En matière de gestion du personnel, les flux de données sont nombreux, et le RGPD va concerner toutes les informations nominatives liées aux recrutements (donc aux candidats), à l’exécution du contrat de travail, mais également toute information nominative en lien avec la formation, la sécurité au travail, la médecine du travail, le Trésor Public etc.

L’employeur doit donc être en mesure de démontrer qu’il a informé les salariés, objet de ces données, des diverses caractéristiques du traitement des données telles que la base juridique du traitement, la source des données, leur durée de conservation, le droit d’accès. L’employeur doit également former les salariés qui traitent ces données, et, potentiellement, prévoir que le non-respect de la règlementation du traitement des données peut donner lieu à sanction.

Il conviendra donc d’informer et consulter le comité d’entreprise, le cas échéant, sur toutes nouvelles polices ou règles de gouvernance mises en œuvre afin de s’assurer que les salariés ont des instructions précises sur la façon dont ils doivent gérer les données. Ces polices et règles internes, dont le non-respect peut donner lieu à sanction, devront également être intégrées dans le règlement intérieur de l’entreprise (ou en annexe). En effet, en cas de contentieux portant par exemple sur une sanction ou un licenciement d’un salarié qui n’aurait pas respecté ces polices et contreviendrait au RGPD, les juridictions sociales vont s’assurer que ces formalités ont bien été respectées par l’employeur. A défaut, les juges pourraient considérer que la sanction prononcée (y compris le licenciement) n’est pas justifié.

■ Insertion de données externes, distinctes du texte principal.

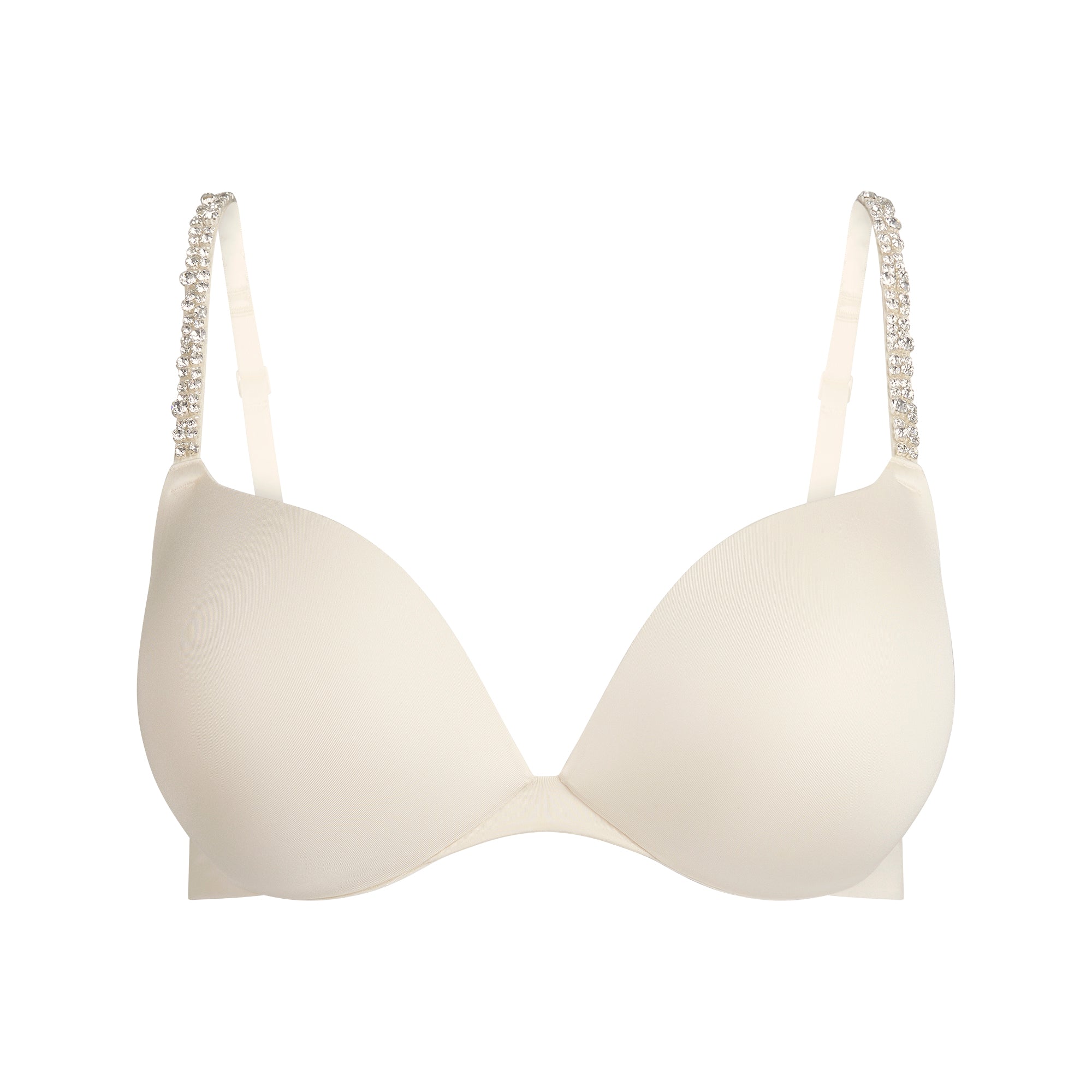 RHINESTONE TEARDROP PUSH-UP BRA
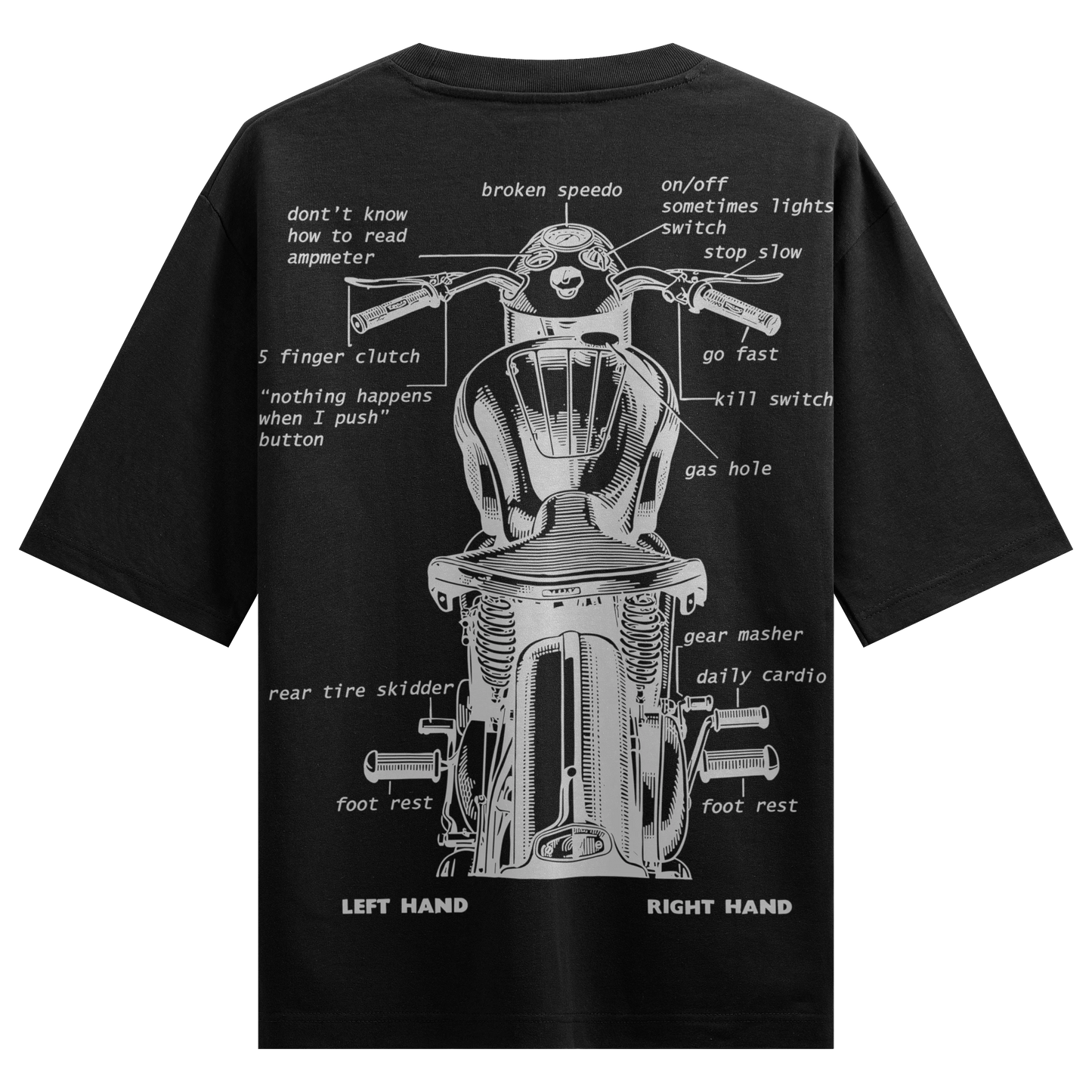 PRDGY Junkyard Manual Oversized T-Shirt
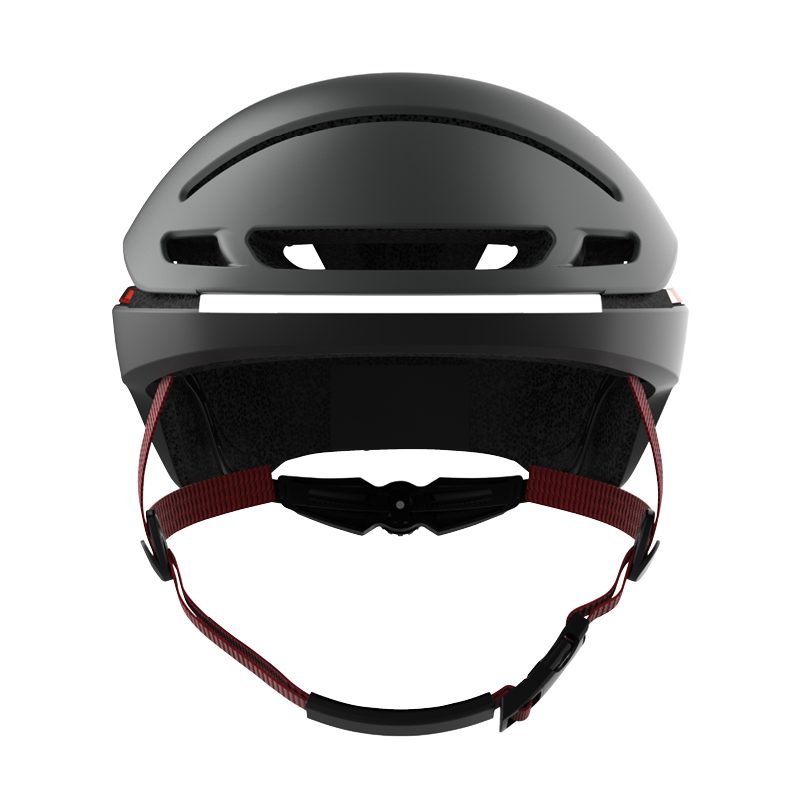 Fahrradhelm schwarz mit SOS-Funktion Blink- und Bremslicht
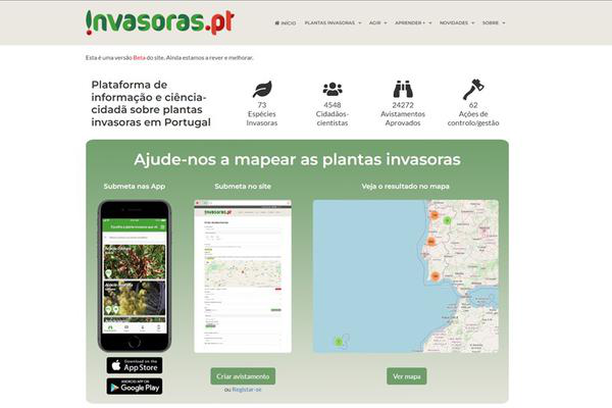image for Plataforma INVASORAS.PT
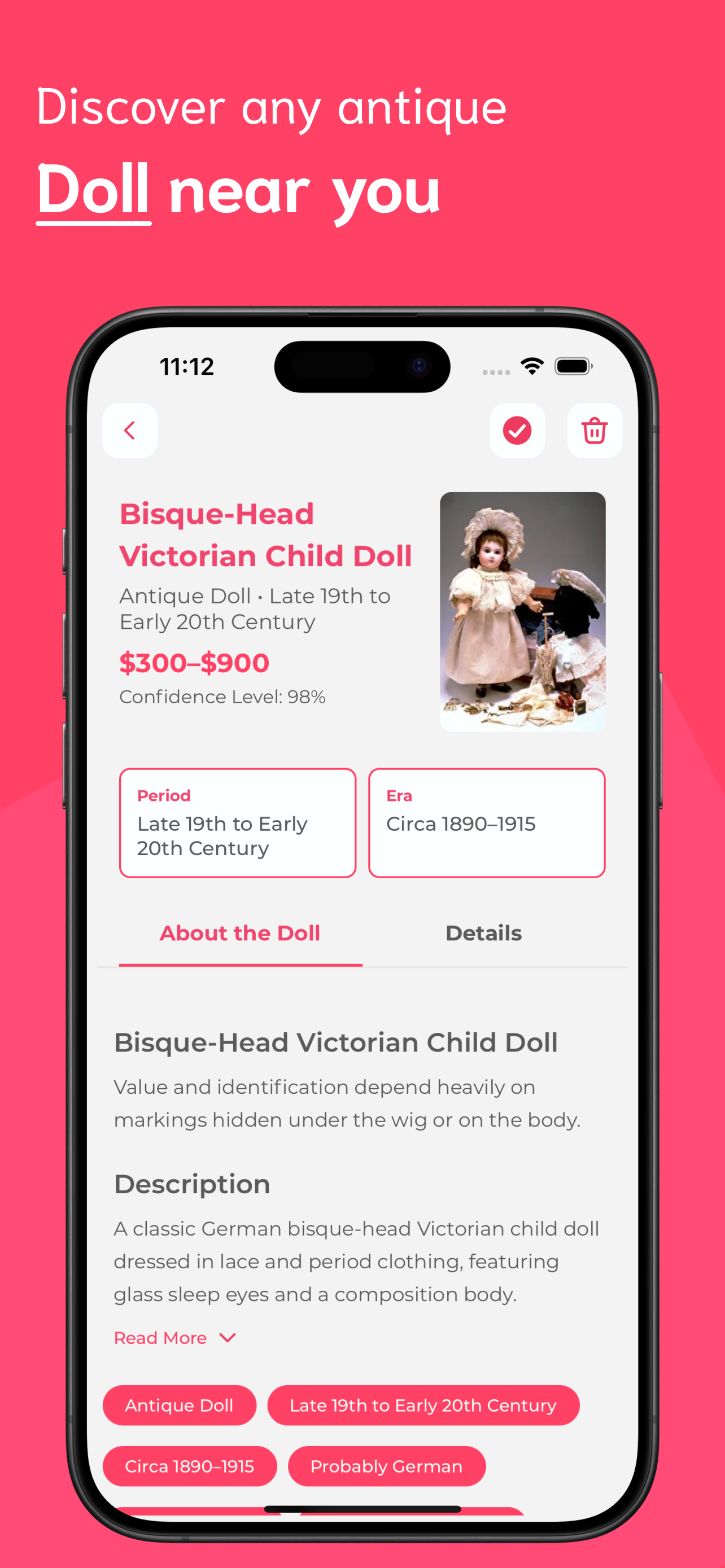Antique Doll Identifier screenshot 3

Enfin, on peut s’interroger sur l’ouverture d’un nouveau champ de contestation pour les salariés ou leur représentants devant les juridictions sociales sur le thème par exemple du niveau d’information donné ou de la finalité du traitement qui pourrait créer un préjudice particulier aux salariés.

Il est donc important tant au regard de la CNIL que des salariés et de leurs représentants de s’assurer que tout a été effectué dans les règles.